Just for today, I'm trying to love me. And that jerk in the alley.

Monday, May 01, 2006

Why am I the only one laughing?

I came home from the Old Shoe meeting in Skull Valley tonight to a mess. Normally Romy or Oz ride along with me, but tonight I left them home, in separate areas of the house. If I forget and leave garbage under the sink when I leave, Romy goes through it every time. I congratulated myself as I walked to my car for remembering to take out the garbage. But when I came home, she'd managed to open the refrigerator and clean it out. Although I have tile floors, eating on the tile just won't do. Whatever she eats she takes to the carpet--it's a dog thing.

I knew something was wrong when I first walked in the house because I couldn't find her. Normally she waits by the door when I drive up. I walked into kitchen and saw the open refrigerator. I looked into the great room and there, strewn all over the carpet, was the contents of the refrigerator.

There were chicken legs, beef hearts with a corner gnawed off, beef livers half-eaten, an empty, torn baggie of unknown origin and a few other items that caught her eye. I had a coffee cake covered by foil in the refrigerator. She'd peeled back the foil but apparently it didn't interest her, although I know that if there hadn't been so much meat, it would have met the same fate.

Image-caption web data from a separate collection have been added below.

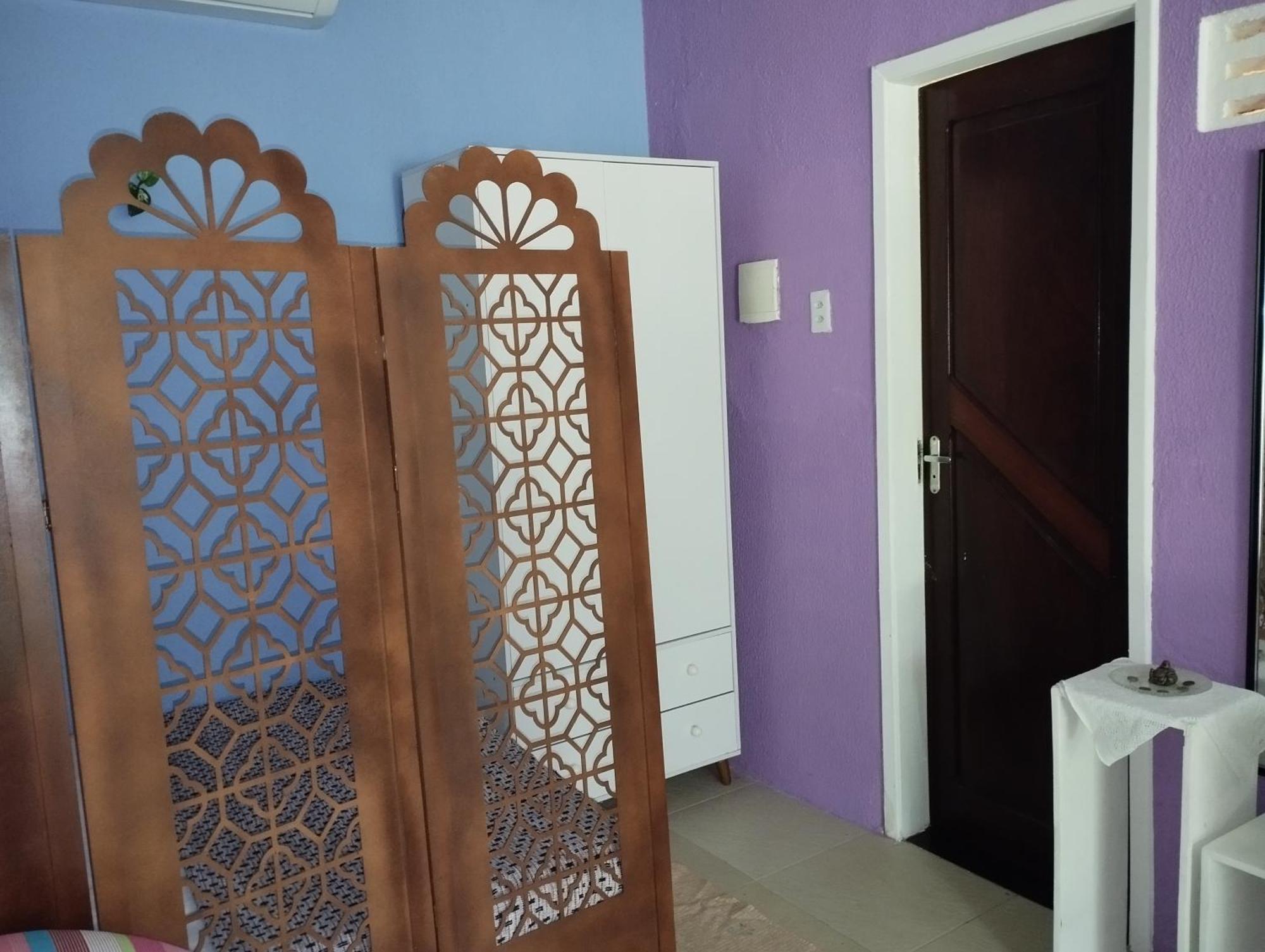 Lumiar Garden Suites E Chales Em Vilas Do Atlantico Lauro de Freitas Extérieur photo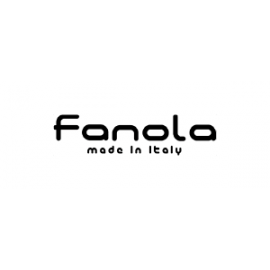 Fanola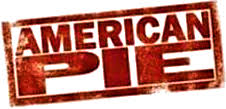The question that's examined ad nauseam in this extended and unusual year of cinema. American Pie Film Series Wikipedia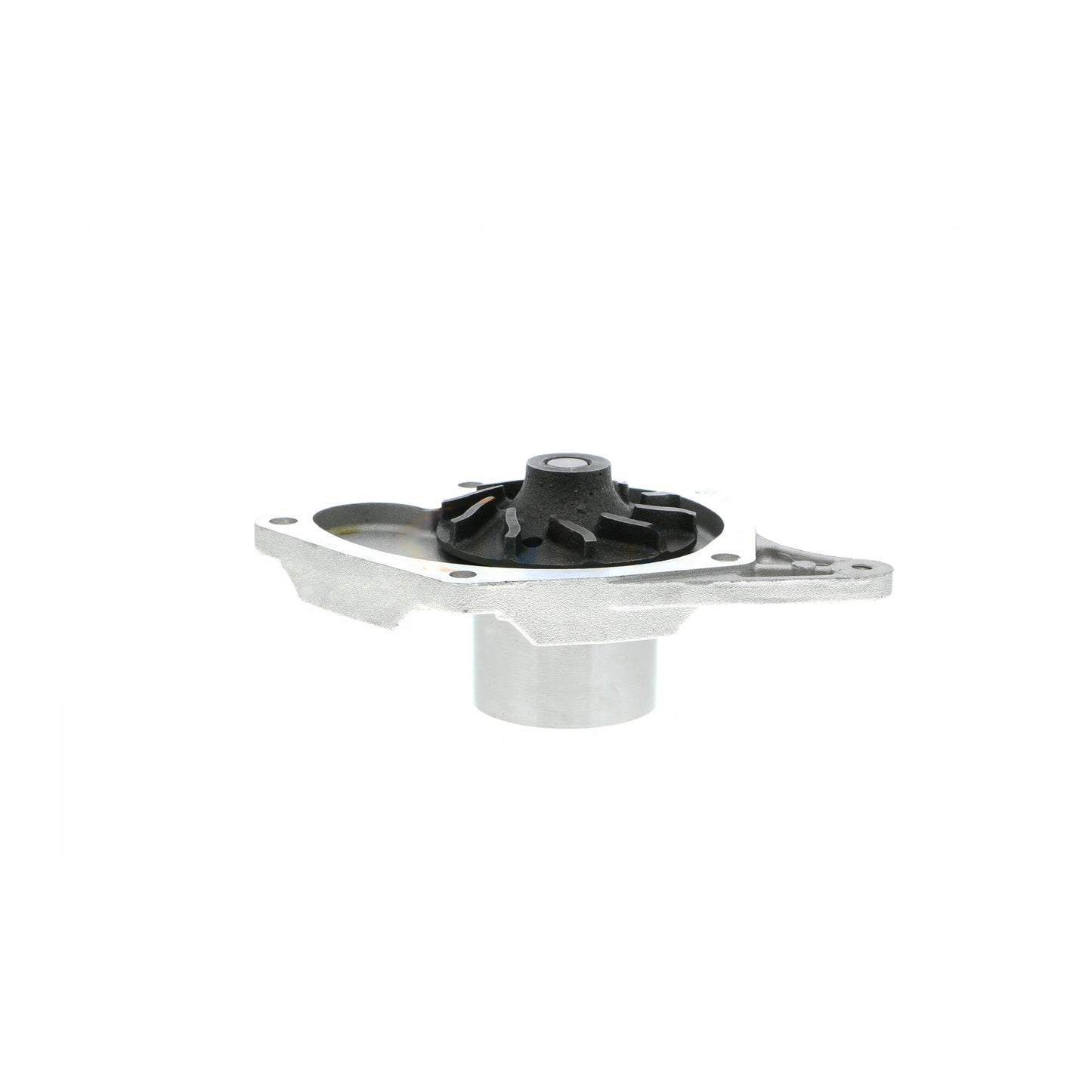 VAICO Water Pump, engine cooling V46-50006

In case you think I'm some type of horrific carnivore, the meat was for the dogs. I try to feed them as much raw food as possible.

Just after I'd cleaned up the mess, my boyfriend called. I tried explaining the sight to him, all the while laughing hysterically. It was just a visual, I guess, legs and kidneys and hearts all splayed out on the floor. He didn't find the humor in it. It worries me when we don't laugh at the same things. I think you can get through just about anything if you can laugh about it.

The meeting, though, was good. The topic was the literature and reading in general. The Old Shoe group is an informal group, small and humorous. I always leave meetings in a better frame of mind than I arrived in. Tonight was no exception. I said goodbye to my friends since I'll be heading back to the midwest later this week. I hate leaving friends, but I know that wherever I go, if I go to meetings, I'll make new ones.